Your analysis of FBW is only partially correct. Not all developers are as careful with ensuring that their aircraft do not depart from controlled flight.FBW should peg the AoA at a limit; before it looses control. For example, it is impossible to stall an F-16 as the AoA is pegged at 25 degrees, you can only exceed that and enter deep stall when the element of roll is introduced; which the ancient F-16 FBW was never designed to prevent. Modern FBW is designed for this - thus there is no safety limit from TVC.

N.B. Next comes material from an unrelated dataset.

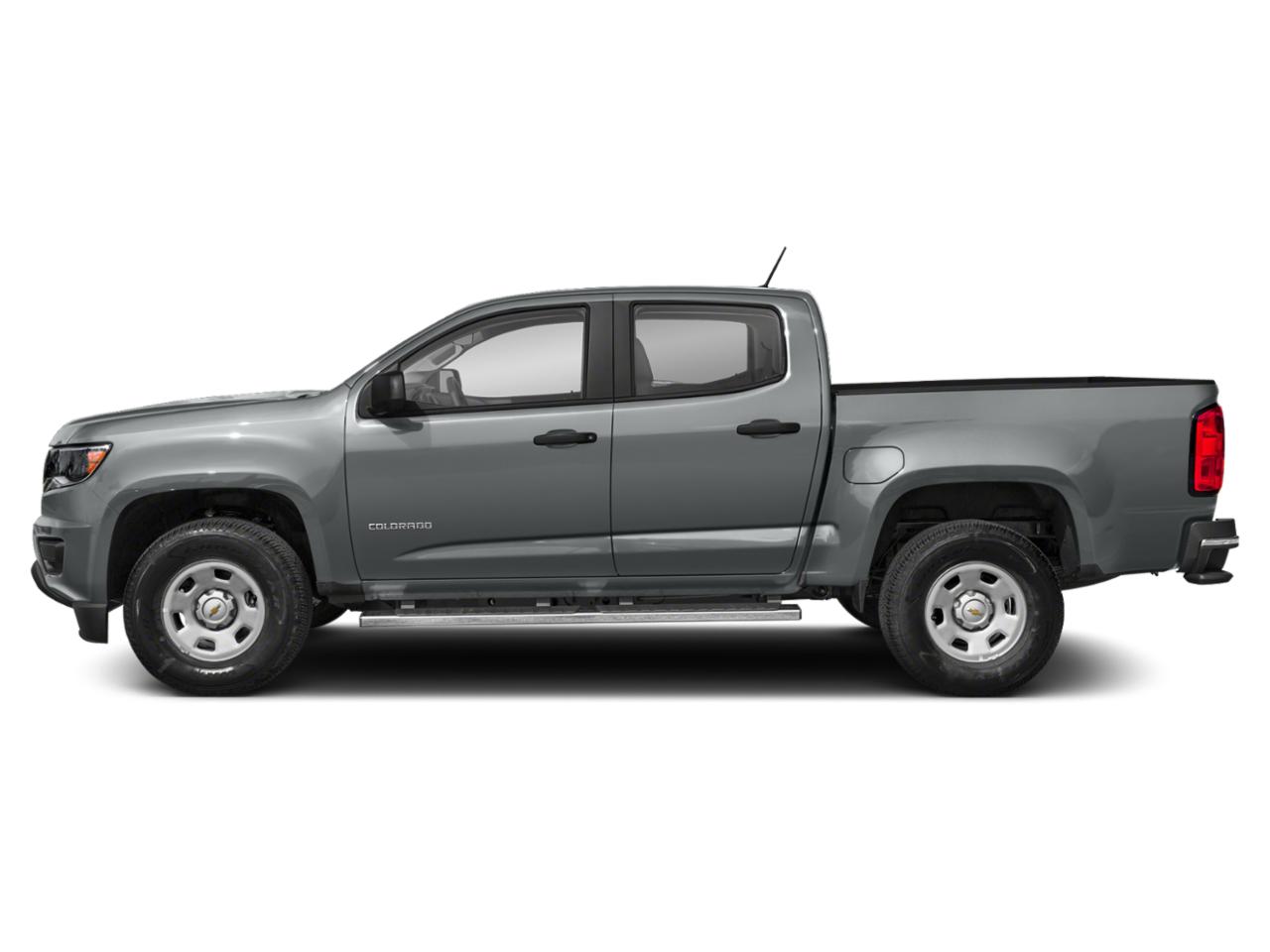 2020 Chevrolet Colorado Vehicle Photo in RED SPRINGS, NC 28377-1640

When you're in the vicinity of the airplane's true, aerodynamic "corner speed", your mount will bleed-off energy rapidly. To stay at that corner condition, the pilot needs to exchange altitude for airspeed, or risk stalling his mount. A miscalculation in this could potentially occur more rapidly than the fly-by-wire control system could counteract.

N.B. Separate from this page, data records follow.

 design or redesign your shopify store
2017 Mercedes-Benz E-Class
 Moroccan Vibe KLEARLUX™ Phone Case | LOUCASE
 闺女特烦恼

It is for this reason that the flight control laws of the F-16 are more complicated than the "25 degree" AoA limit that you describe. On the F-16A, the flight control laws actually limit AoA as a function of g-load. At 1-g, the FCS will allow up to 25-deg AoA. This maximum is gradually reduced, however, with the system allowing only 15-deg AoA when at maximum g-load. This approach reduces the likelihood that the pilot could bleed off enough airspeed to place his airplane into a deep-stall condition.[1]

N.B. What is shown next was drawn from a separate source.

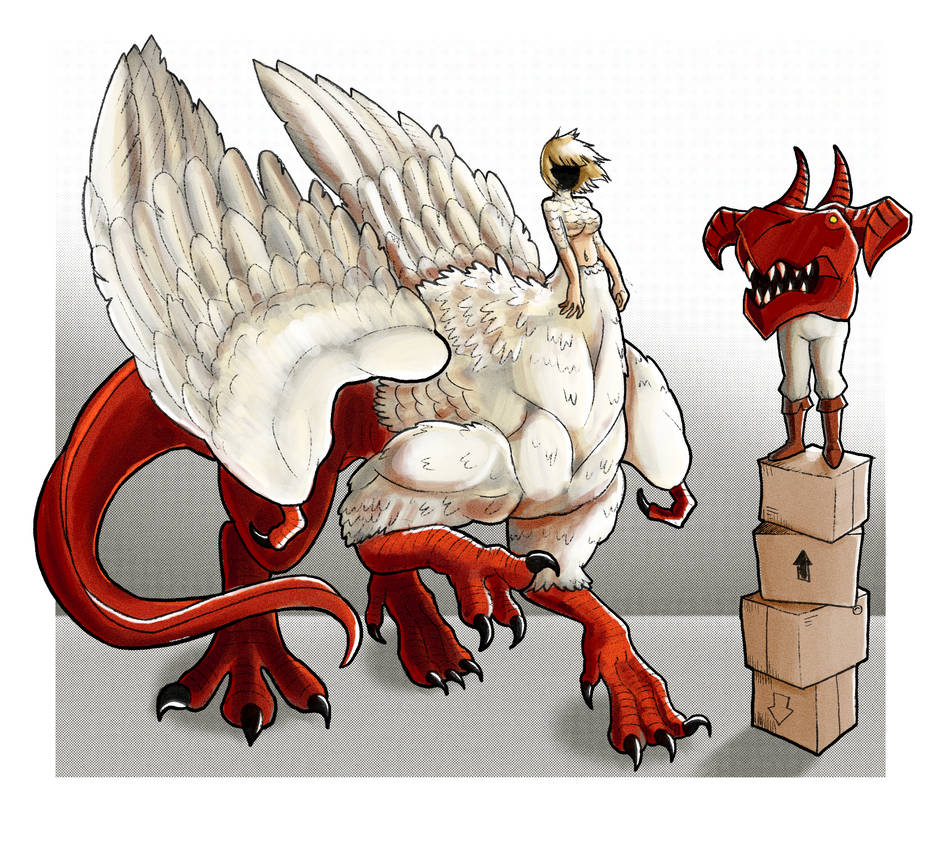 Falin Deviantart Chimera Falin and Falin Chimera by jovialjukebox on DeviantArt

You should also be aware that the F-16A and early models of the F-16C had analog fly-by-wire control systems. Later F-16Cs incorporated digital computers. There are differences between the two sets of control laws. However the principals behind them - including how they vary the maximum available AoA - remain the same.
Not all fly-by-wire control systems have applied the approach used by the F-16, however. The FCS for the F-16 was designed to maximize pilot safety, and keep him out of that corner of the envelope where an airplane achieves its maximum instantaneous turn rate, but where it also looses momentum at a precipitous pace. In practical application sustained turn rate was deemed to be more valuable than instantaneous performance. Other developers, however, chose to leave this corner open - so that they could advertise a superior intantaneous turn rate. This leaves more responsibility on the shoulders of the pilot, to ensure that he is aware of the energy state of his own mount. For these airplanes, entering deep stall will be a real possibility, even with a fly-by-wire control system. Similarly, at least one customer has reportedly insisted on the ability to over-ride the AoA limiter on the F-16 - raising the risk of deep stall in real world engagements.[2]
The bottom line is that "deep stall" does happen, even with fly-by-wire control systems. How much you safeguard against it depends on how aggressive the software developers happened to be.
References:
[1] Luat T. Nguyen, et al., “Simulator Study of Stall/Post-Stall Characteristics of a Fighter Airplane with Relaxed Longitudinal Static Stability,” NASA TP-1538 (December 1979), p. 34.
[2] Bill Norton, Air War on the Edge: A History of the Israel Air Force and its Aircraft Since 1947 (Hinckley, England, Midland Publishing, 2004), p. 338.